From the first line of the records through the line containing "relatable iconic lyrics", retype every line exactly and nothing else.

*-*-*

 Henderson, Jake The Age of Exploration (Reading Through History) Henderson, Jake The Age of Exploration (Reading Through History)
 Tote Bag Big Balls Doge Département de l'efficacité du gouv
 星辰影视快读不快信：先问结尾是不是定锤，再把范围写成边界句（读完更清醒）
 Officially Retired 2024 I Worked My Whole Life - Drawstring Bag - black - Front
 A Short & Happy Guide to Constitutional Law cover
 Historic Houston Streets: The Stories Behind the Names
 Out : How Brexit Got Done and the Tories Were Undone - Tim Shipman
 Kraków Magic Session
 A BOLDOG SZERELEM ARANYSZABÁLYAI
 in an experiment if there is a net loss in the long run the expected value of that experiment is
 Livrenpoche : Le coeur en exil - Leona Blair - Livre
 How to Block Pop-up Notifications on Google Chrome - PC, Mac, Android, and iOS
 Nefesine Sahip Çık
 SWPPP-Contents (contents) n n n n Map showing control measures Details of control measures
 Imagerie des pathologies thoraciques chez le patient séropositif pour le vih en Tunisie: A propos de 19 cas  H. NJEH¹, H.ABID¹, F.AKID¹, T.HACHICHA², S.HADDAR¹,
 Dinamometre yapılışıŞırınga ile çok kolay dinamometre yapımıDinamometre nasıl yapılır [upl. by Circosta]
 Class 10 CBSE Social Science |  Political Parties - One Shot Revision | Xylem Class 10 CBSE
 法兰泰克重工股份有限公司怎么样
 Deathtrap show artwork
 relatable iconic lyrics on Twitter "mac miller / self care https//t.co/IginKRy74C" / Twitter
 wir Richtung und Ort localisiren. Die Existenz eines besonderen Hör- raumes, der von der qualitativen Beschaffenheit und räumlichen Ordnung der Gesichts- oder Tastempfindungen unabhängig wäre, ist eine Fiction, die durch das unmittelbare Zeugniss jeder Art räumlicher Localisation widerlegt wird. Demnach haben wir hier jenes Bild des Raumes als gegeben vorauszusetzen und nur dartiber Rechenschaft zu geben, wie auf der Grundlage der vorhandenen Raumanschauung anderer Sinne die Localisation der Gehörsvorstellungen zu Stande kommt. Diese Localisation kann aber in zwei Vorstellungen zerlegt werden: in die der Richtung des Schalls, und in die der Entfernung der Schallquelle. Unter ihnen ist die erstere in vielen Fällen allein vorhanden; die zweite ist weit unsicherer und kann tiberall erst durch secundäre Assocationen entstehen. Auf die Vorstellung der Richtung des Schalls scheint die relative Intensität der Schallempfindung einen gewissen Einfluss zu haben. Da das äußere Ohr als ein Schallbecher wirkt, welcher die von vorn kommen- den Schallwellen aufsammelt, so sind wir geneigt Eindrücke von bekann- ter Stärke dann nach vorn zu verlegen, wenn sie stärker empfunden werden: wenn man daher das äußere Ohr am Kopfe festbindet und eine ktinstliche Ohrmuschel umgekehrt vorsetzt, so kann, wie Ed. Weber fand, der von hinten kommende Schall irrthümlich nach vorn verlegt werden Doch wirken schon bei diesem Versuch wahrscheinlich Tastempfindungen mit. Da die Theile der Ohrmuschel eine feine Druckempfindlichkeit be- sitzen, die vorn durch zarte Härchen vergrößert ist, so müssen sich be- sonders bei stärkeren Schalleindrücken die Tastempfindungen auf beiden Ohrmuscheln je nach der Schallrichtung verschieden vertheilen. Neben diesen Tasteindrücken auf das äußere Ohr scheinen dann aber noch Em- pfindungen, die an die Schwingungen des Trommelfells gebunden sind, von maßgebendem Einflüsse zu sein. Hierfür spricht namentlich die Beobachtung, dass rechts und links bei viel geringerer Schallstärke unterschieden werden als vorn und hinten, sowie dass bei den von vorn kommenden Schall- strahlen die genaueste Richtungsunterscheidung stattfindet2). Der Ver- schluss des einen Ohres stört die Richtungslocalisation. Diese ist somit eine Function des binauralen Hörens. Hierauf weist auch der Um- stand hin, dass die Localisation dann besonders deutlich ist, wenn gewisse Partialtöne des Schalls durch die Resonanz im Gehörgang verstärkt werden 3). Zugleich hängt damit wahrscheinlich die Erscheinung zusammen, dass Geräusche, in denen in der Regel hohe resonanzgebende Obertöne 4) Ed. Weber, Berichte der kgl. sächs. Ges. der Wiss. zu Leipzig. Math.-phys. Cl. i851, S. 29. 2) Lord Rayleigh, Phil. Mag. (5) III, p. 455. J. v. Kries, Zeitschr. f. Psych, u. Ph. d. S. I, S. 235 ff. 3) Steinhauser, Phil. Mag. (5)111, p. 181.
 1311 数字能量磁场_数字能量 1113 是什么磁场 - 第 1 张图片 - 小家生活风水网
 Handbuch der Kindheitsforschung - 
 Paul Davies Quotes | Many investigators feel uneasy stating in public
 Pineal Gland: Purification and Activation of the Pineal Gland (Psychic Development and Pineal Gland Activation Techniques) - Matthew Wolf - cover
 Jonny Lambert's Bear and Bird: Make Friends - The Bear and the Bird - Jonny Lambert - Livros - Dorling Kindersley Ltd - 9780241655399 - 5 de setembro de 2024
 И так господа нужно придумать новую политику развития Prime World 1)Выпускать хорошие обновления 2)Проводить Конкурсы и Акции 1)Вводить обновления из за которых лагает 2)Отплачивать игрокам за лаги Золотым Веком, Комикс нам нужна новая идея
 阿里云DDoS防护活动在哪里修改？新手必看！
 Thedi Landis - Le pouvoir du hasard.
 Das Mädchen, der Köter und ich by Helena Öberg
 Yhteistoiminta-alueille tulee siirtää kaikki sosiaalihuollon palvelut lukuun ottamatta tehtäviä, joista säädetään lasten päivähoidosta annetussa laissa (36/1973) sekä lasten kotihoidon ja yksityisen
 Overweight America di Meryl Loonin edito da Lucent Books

*-*-*

## Answer section
 Henderson, Jake The Age of Exploration (Reading Through History) Henderson, Jake The Age of Exploration (Reading Through History)
 Tote Bag Big Balls Doge Département de l'efficacité du gouv
 星辰影视快读不快信：先问结尾是不是定锤，再把范围写成边界句（读完更清醒）
 Officially Retired 2024 I Worked My Whole Life - Drawstring Bag - black - Front
 A Short & Happy Guide to Constitutional Law cover
 Historic Houston Streets: The Stories Behind the Names
 Out : How Brexit Got Done and the Tories Were Undone - Tim Shipman
 Kraków Magic Session
 A BOLDOG SZERELEM ARANYSZABÁLYAI
 in an experiment if there is a net loss in the long run the expected value of that experiment is
 Livrenpoche : Le coeur en exil - Leona Blair - Livre
 How to Block Pop-up Notifications on Google Chrome - PC, Mac, Android, and iOS
 Nefesine Sahip Çık
 SWPPP-Contents (contents) n n n n Map showing control measures Details of control measures
 Imagerie des pathologies thoraciques chez le patient séropositif pour le vih en Tunisie: A propos de 19 cas  H. NJEH¹, H.ABID¹, F.AKID¹, T.HACHICHA², S.HADDAR¹,
 Dinamometre yapılışıŞırınga ile çok kolay dinamometre yapımıDinamometre nasıl yapılır [upl. by Circosta]
 Class 10 CBSE Social Science |  Political Parties - One Shot Revision | Xylem Class 10 CBSE
 法兰泰克重工股份有限公司怎么样
 Deathtrap show artwork
 relatable iconic lyrics on Twitter "mac miller / self care https//t.co/IginKRy74C" / Twitter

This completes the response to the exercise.